We’re making risotto—our experiment being carried out in the middle of a busy dinner service, bubbling merrily away in its pot as we spin finished plates down the pass, fighting to get ahead of the printer. So rigorously French-trained, so up-from-nothing hash-slingers, neither of us had ever made risotto before. Never been asked to.
Like truffles, like rubbery slabs of handmade glace de viande and the powerful Black Sea salt we’d been taught to covet like the dust of diamonds, we understand that risotto is something special, something deserving of respect, but have no idea why. Thus, we have come to it almost reverentially, and not without a measure of fear—poking, cringing, sniffing, tasting, curious and cautious both.
Still, it’s going onto the menu as a special soon, on orders from one of the owners, a whim. We need a rice dish, maybe a risotto . . .
So okay, now all we have to do is figure out how to cook it. Now. Tonight. Right this minute.

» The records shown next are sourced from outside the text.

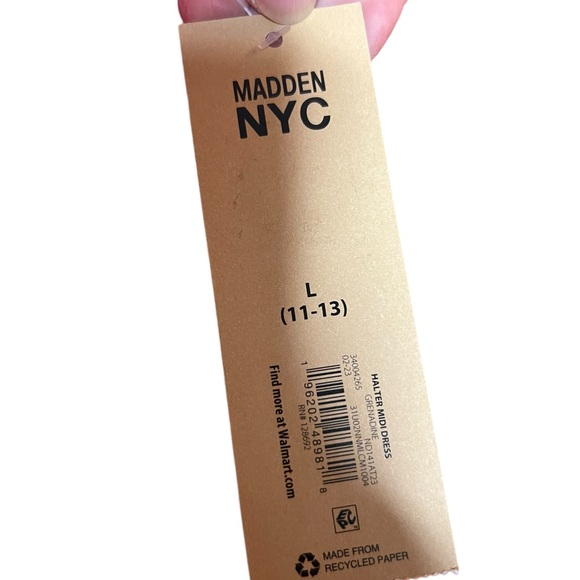 New! MADDEN NYC Adjustable Halter Chevron Lace Texture Orange Midi Dress Large - Picture 9 of 12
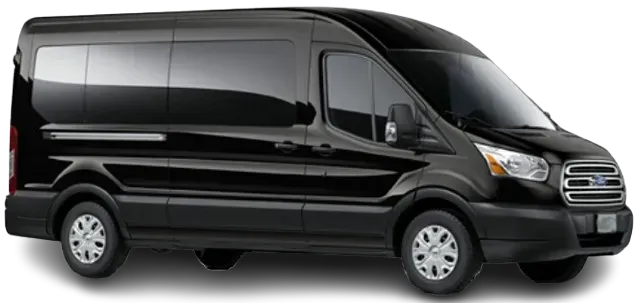 Black cargo van in side view on a white background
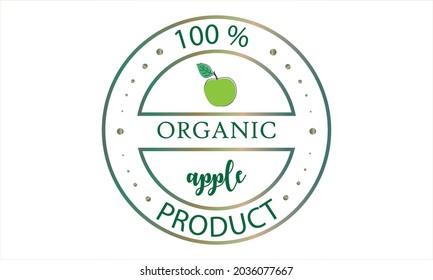 Das Emblem eines umweltfreundlichen Produktes sind Äpfel. Vegetarisches Essen, Logo für frische Produkte.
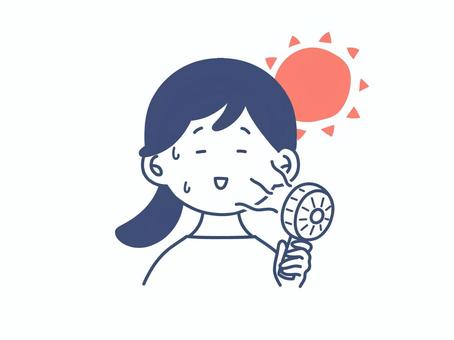 ハンディファンで涼しむ女の子のイラスト 扇風機,ハンディファン,熱中症,暑さ,対策,予防,風,涼しい,白バック,女の子のイラスト素材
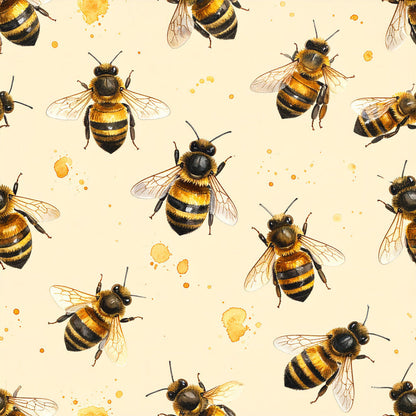 Golden Hive Meadow Pattern 4 Minky Fabric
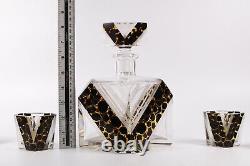 Art Deco Glass Decanter Set Black and Gold Enamel by Karl Palda Circa 1930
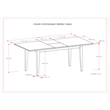Colby 60-76 inch x 36 inch Rectangle Contemporary Extendable Dining Table in Oak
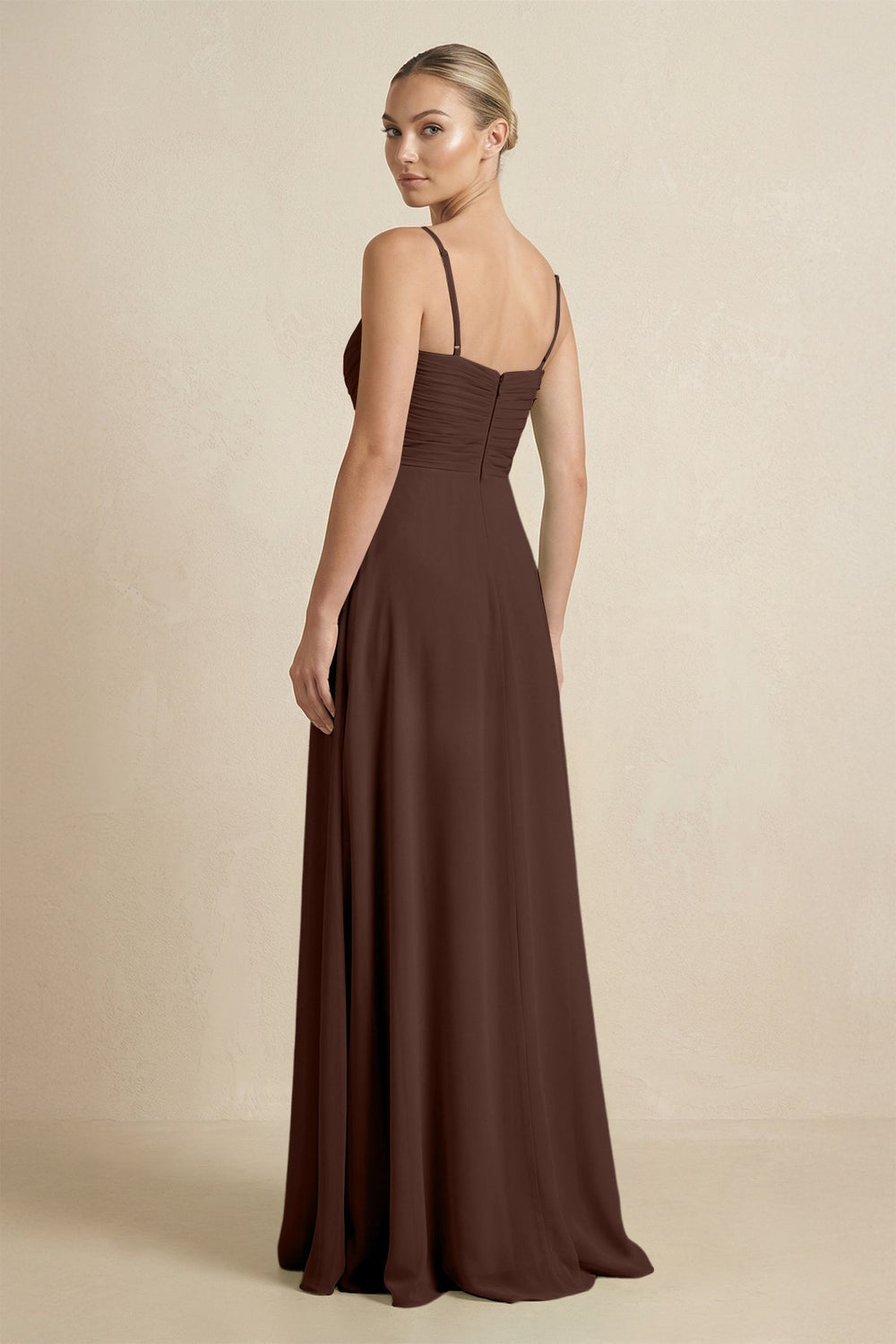 V-Neck A-Line Chiffon Pleated Bridesmaid Dress in Espresso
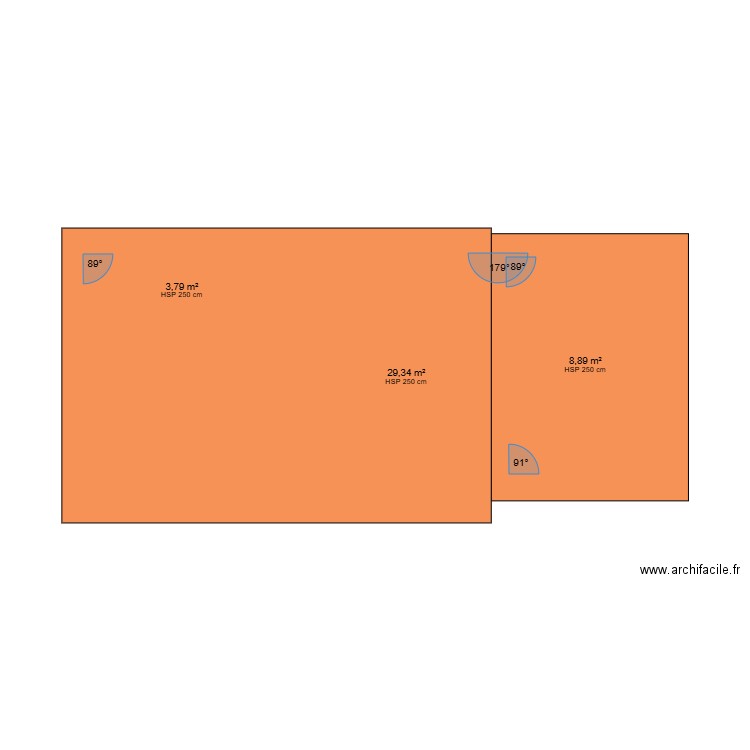 cabane 35 m2. Plan de 6 pièces et 74 m2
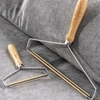 Pet Hair Lint Remover Brush with Wooden Handle for Couch Sofa, Clothes and Furniture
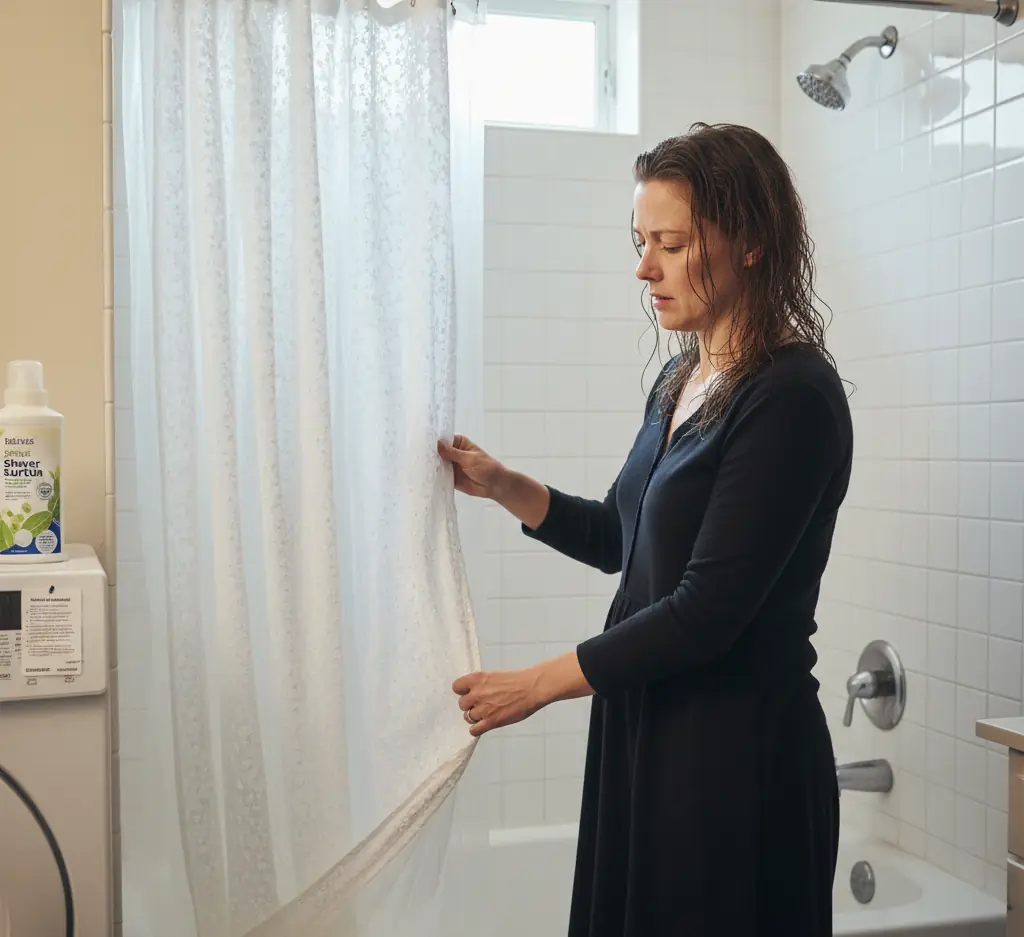 Woman takes care of the correct way to use a shower curtain.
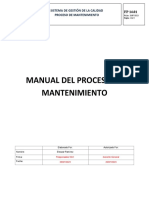 Manual Del Proceso de Mantenimiento.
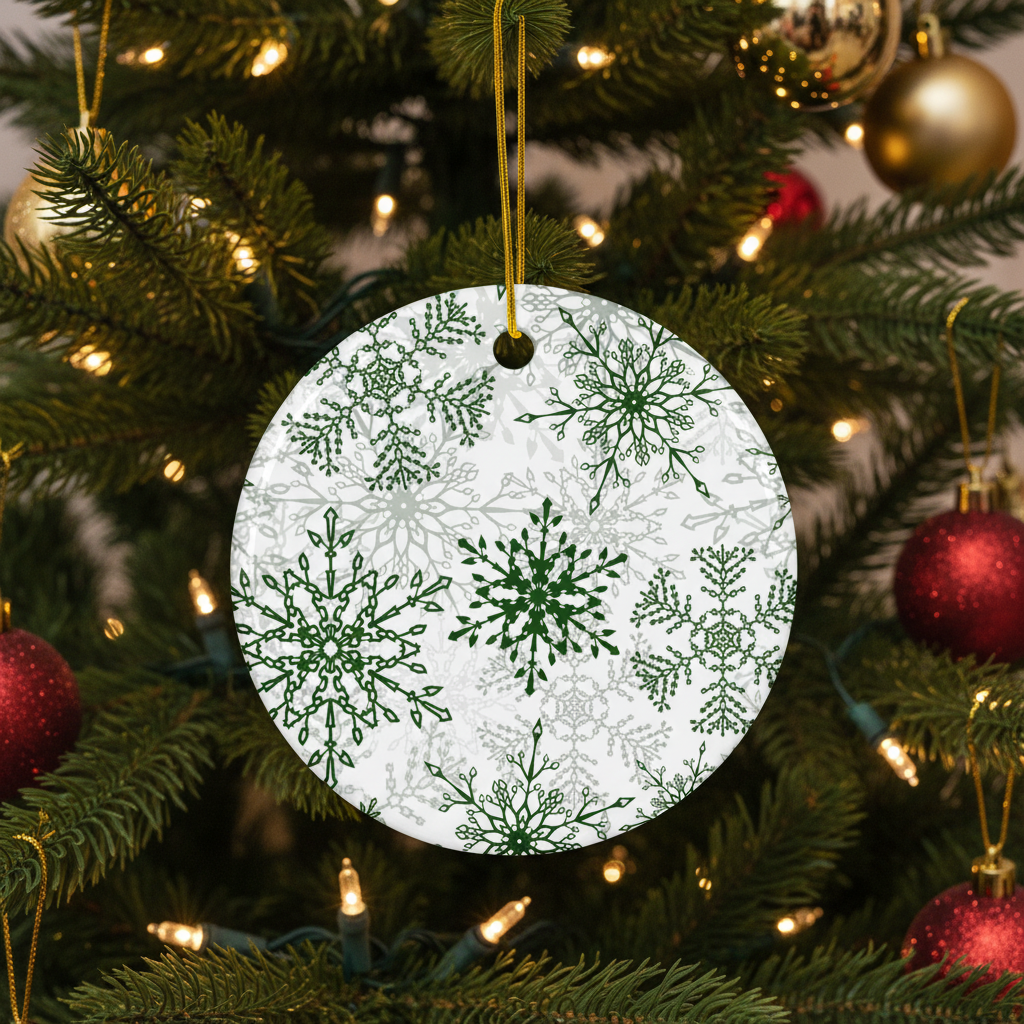 Green Snowflake Ceramic ornament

“How long now?” My head is in the oven, fingertips running over the wrinkling skins of chickens going through their first par-cooking, feeling the way the flesh is puckering, crumpling around the joints.
“Thirteen minutes.”
“Okay.”
Ours is a sense-heavy kitchen. We have no spike thermometers, no portion scales, no measuring cups. Matty’s watch is the only timer allowed on the line. But we’re pretty finely tuned instruments ourselves, and we know that things are done when they look done, are right when they smell right—that oil is hot enough when it takes on a vaguely popcorny aroma, that a thick steak is medium-going-medium-well when it has the same spring as the fat knob of muscle between the thumb and first finger. So now, we converge on the pot like dogs, leading with our noses, bending over the rice, sinking our faces into the steam.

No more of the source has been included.